The nature of closing dates is that they are not steadfast. It's commonplace when they get moved up or extended, depending on the demands or discoveries by the parties involved. If you're an attentive closer, you'll have your municipal lien search ready before the originally anticipated closing date--but what happens when that date gets pushed out? One of the most important things you can do to protect your neck and your client's (if you're representing a buyer) is to get that municipal lien search information updated, especially the code enforcement information.
Why you should be getting code enforcement updates
This is crucial because since you first obtained the information, the following things may have happened:
- New violations could have been cited.
- Existing fee amounts will likely have increased.
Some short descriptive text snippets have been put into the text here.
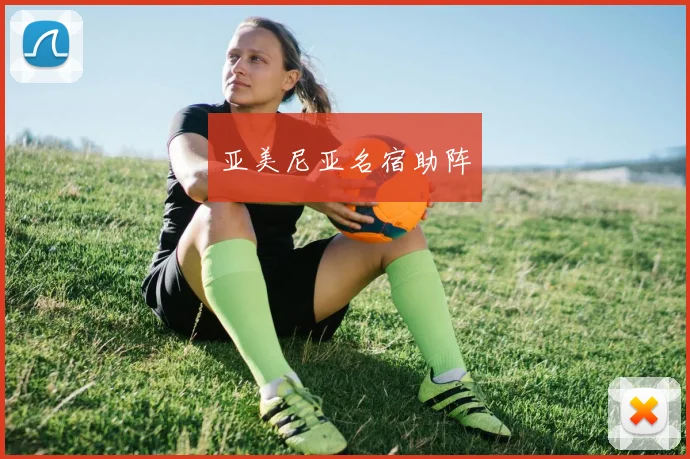 亚美尼亚名宿助阵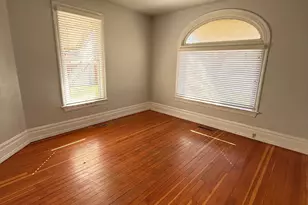 305 E 300 S, Provo, UT 84606 - Photo 25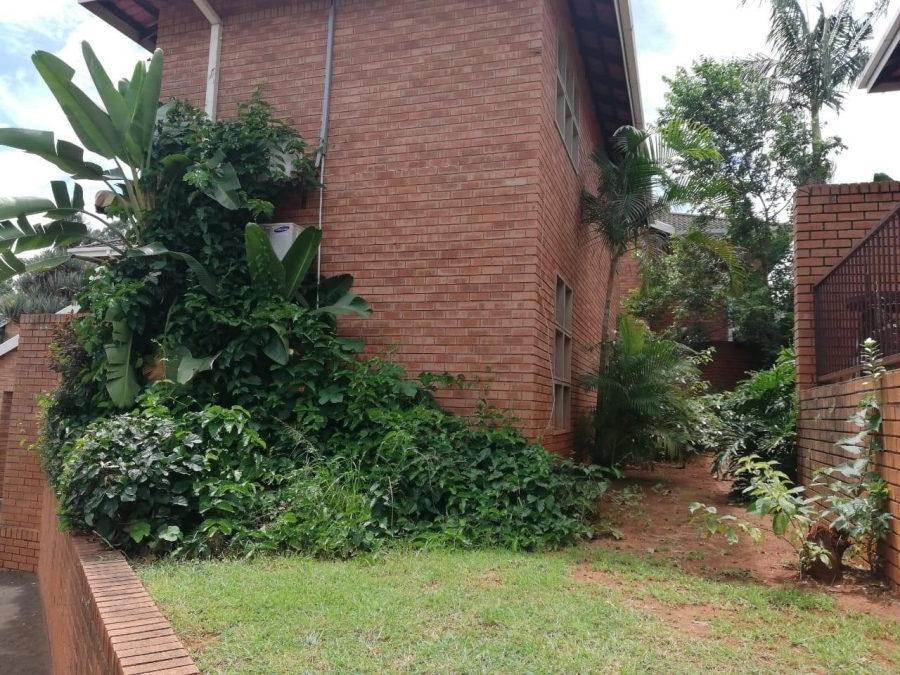 2 Bedroom Property for Sale in Aquapark Limpopo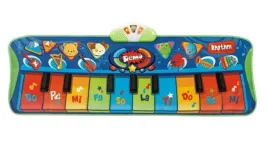 nagrywajaca-mata-do-tanczenia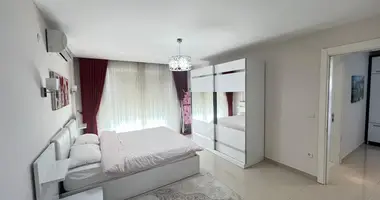 Квартира 2 спальни в Кестель, Турция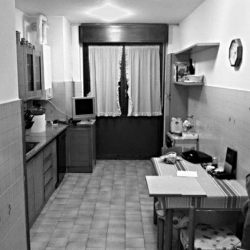 Appartamento3-cucina-prima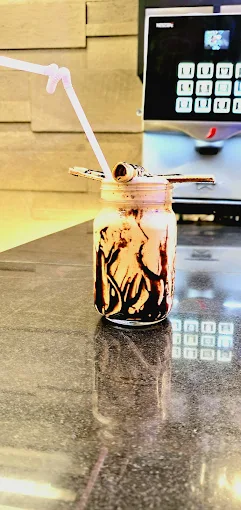 Ice and Fire Restaurant & Cafe image 7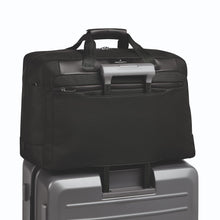 Load image into Gallery viewer, Roadster Nylon - Weekender Duffle (6911572181156)
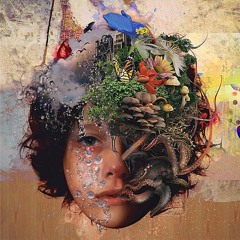 Beat4poets - Out Of My Mind/Hyper Jazz (Brian Becerra Edit)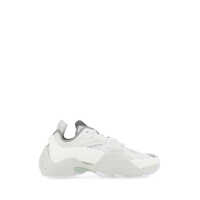 Sneakers Lanvin Sneakers Femei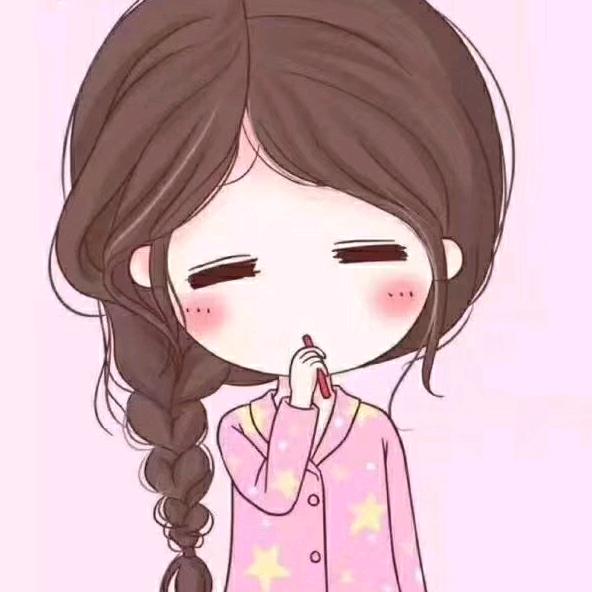 小静儿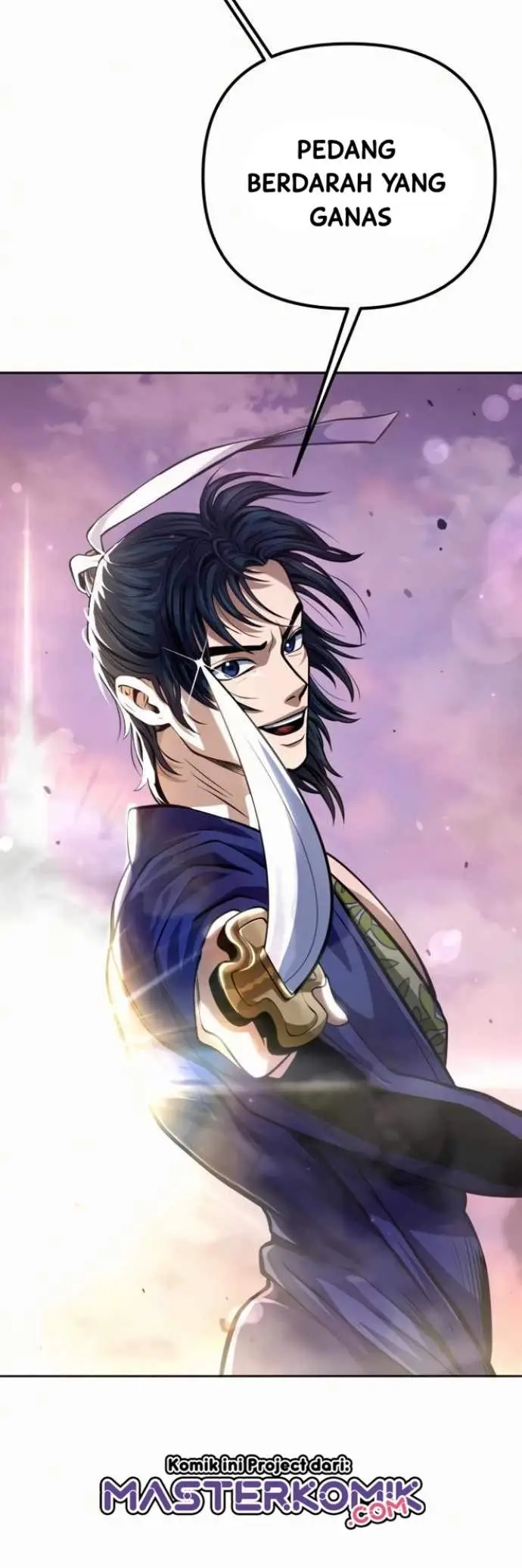 image-komik-ha-buk-paengs-youngest-son-chapter-2-61/78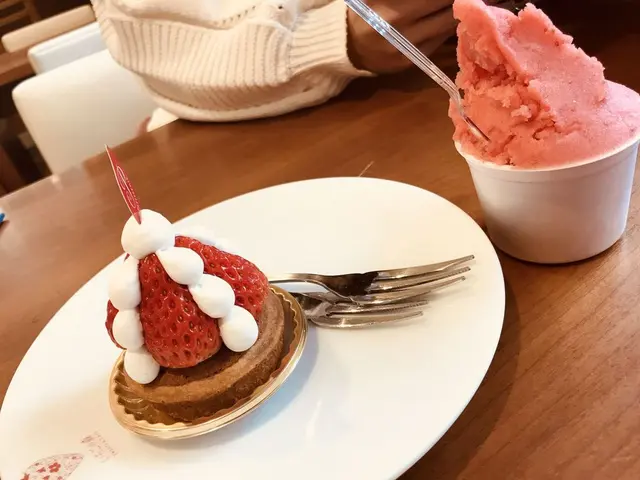 オランダ村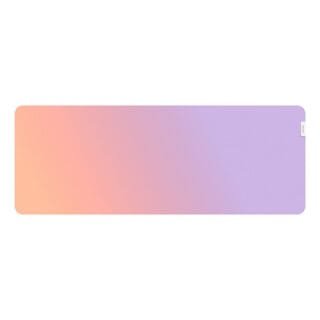 Mouse Pad Marvo P1 XL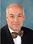 Arnold J. Kiburz III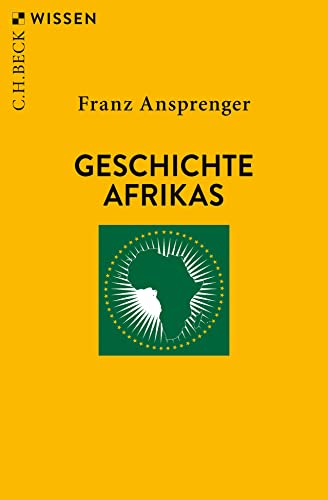 c-h-beck-geschichte-afrikas-c-h-beck-wissen-taschenbuch image 2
- A violation may have turned into a lien.
- You may have had the time to negotiate smaller payoffs and cleared those issues up.
- Violations or permits may have been corrected.
I know that it's a pain to deal with turnaround times again when you're so close to your closing, but the glaring truth is that having the most up-to-date information can save you from a potential claim. This is why I want to share a real-life example with you to demonstrate what I mean.
The deal with Orange County Code Enforcement
There are municipalities, such as Orange County, that do not have full control over their data. They work very hard to record the most recent and accurate information, but between their workload and lack of resources in various departments, it's just not possible. The way Orange County operates is that it has online databases for their code enforcement department, one that contains violations and one for lot cleaning liens.
Even though this information is easily accessible to the public, it is not updated as much as you would think and we've seen it cause real headaches for our industry.
When the updated information isn't up-to-date
Over the last couple of months we have found that Orange County only updates their violation information once a week, and lot cleaning liens every two weeks. They'll release it on Monday and it will only have information that covers up to the end of the previous week (or prior two weeks for lot cleaning liens).
Within that 1-to-2-week gap any new code enforcement violations that are cited are not made available to the public. This means that even though you have a lien search that says there are no violations, the most recent information the county made available can be missing something.
What's more frustrating is that the county will not guarantee their most recent results. Basically, you could never discover that violation or lot cleaning issue and the county will still hold the new owner liable for it.
Do what you can to close the gap
We don't want to freak you out, but this is a growing issue. As demand is increased on these departments, these "gaps" are more common, and Orange County is not the only one. The one thing you can do to close the gap is to order an update as close to your closing date as possible, so you have the most up-to-date info available. However, it still isn't going to guarantee that you'll discover all the new issues, but it is still the best way to arm yourself against surprises.